Ее очень простые платье и шляпка свидетельствовали о равнодушии к чужому мнению. Она держала за руку мальчика, которому на вид было лет одиннадцать. Этот бледный, с белыми, как у альбиноса, волосами ребенок, чьи движения выдавали болезненность, был ее братом.

Мы с Мартой возглавили шествие. За нами шел мой отец, а потом Гранжье.

Заботам моих братьев поручили маленькое хилое существо, которому было запрещено бегать, и они зевали от скуки.

В ответ на мои похвалы ее акварелям Марта скромно отвечала, что это всего лишь этюды. Сама она не придавала им большого значения и обещала показать мне другие, лучше, со «стилизованными», как она выразилась, цветами. На первый раз я счел за благо промолчать и не говорить ей, что нахожу подобные цветы смешными.
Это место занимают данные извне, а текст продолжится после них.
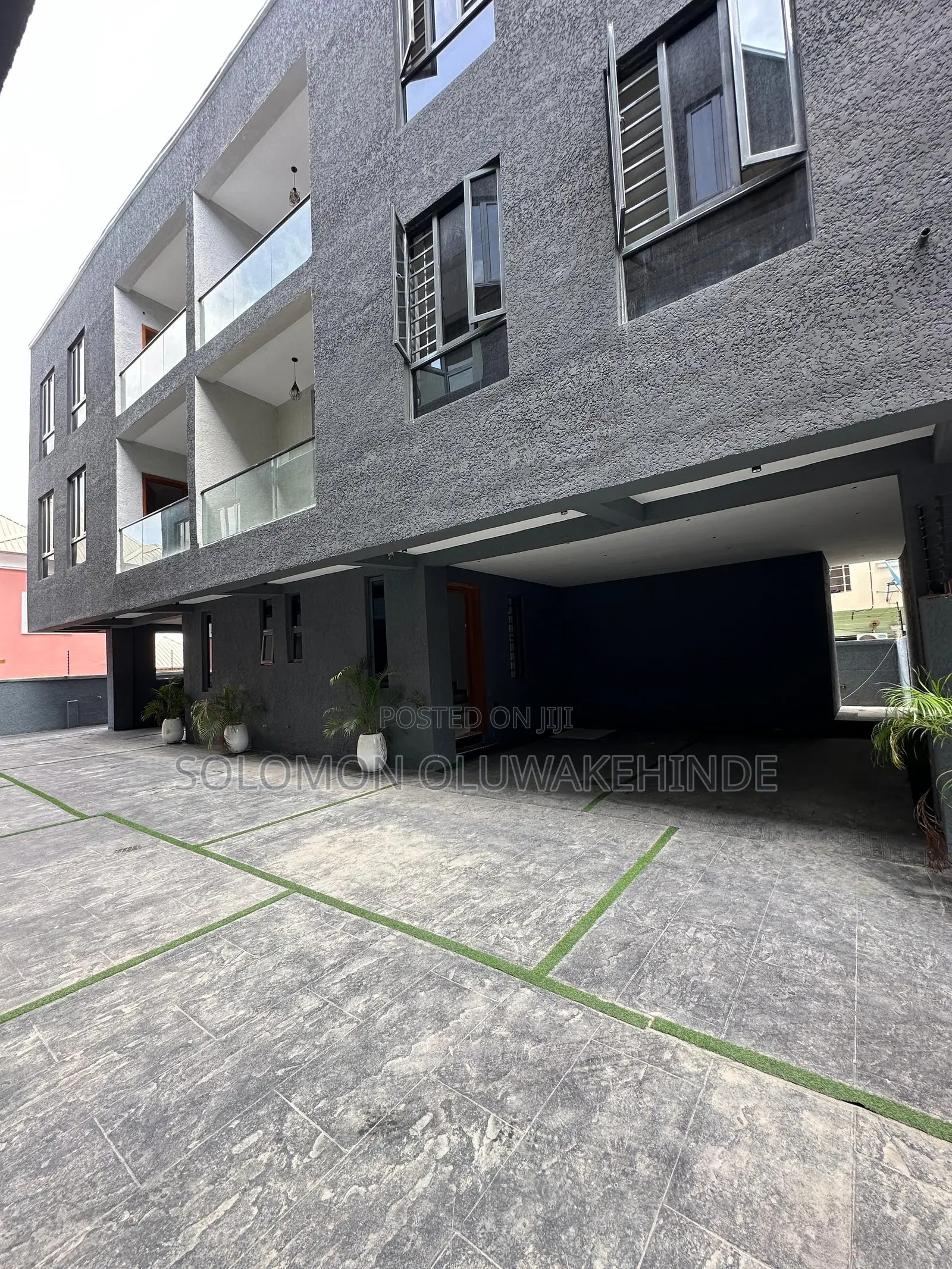 4bdrm Duplex in Lekki Phase 1 for sale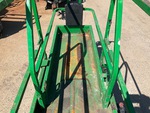 Chassis with Platform Extension
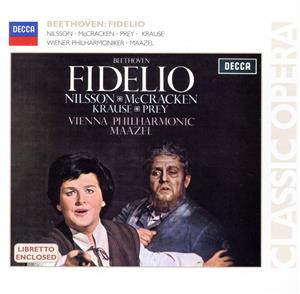 【輸入盤】Beethoven: Fidelio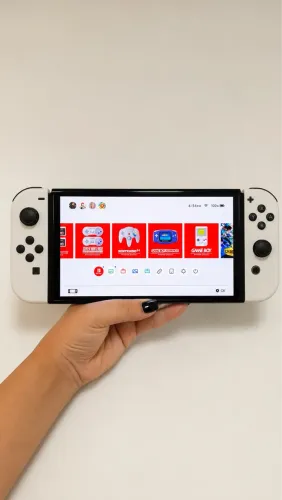 Nintendo Switch OLED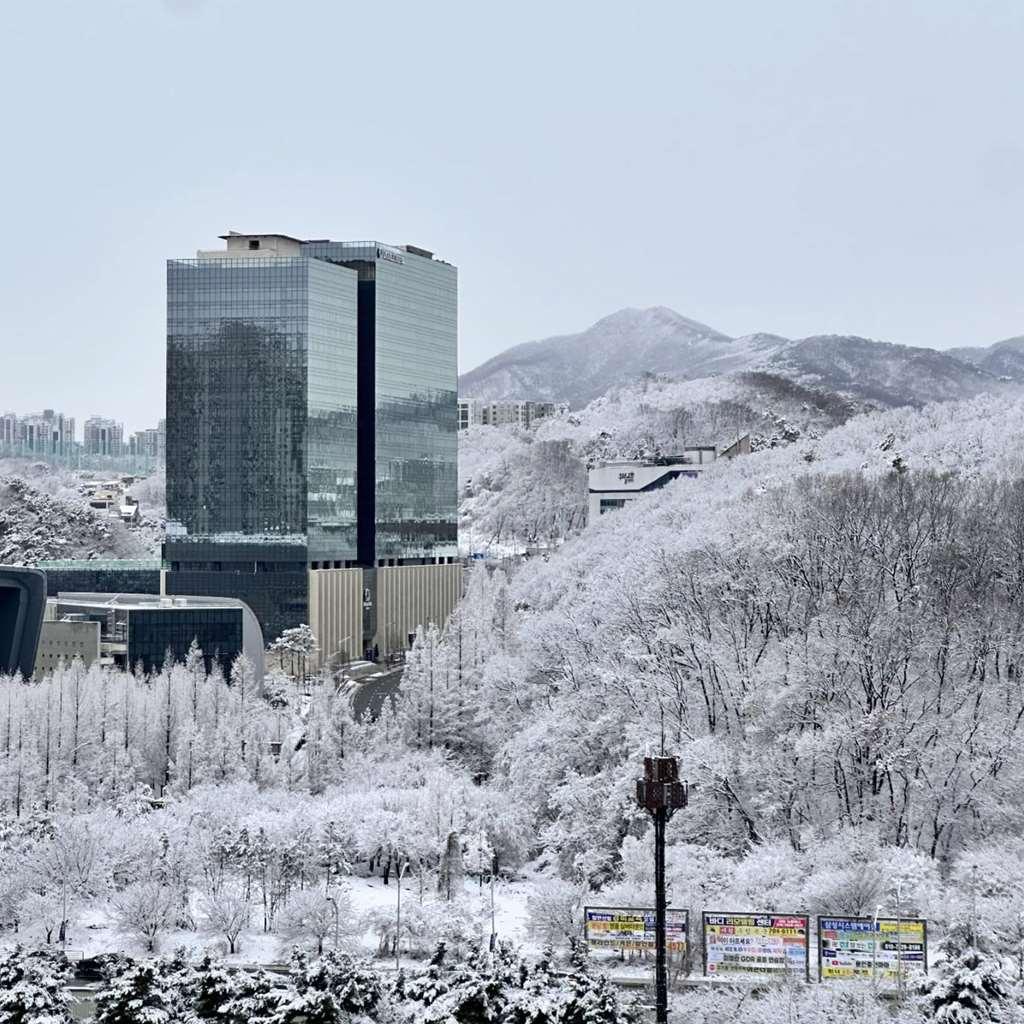 Doubletree By Hilton Seoul Pangyo Residences Seongnam Exterior foto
Разглядеть меня как следует ей мешала шляпка. Я же вовсю глазел на нее.

— Вы мало похожи на вашу мать, — заметил я.

Это был комплимент.

— Мне иногда говорят это; но когда вы побываете у нас, я покажу вам мамины фотографии, я очень похожа на нее в молодости.

Меня этот ответ огорчил, и я стал молить Бога не дать мне лицезреть Марту в возрасте ее матери.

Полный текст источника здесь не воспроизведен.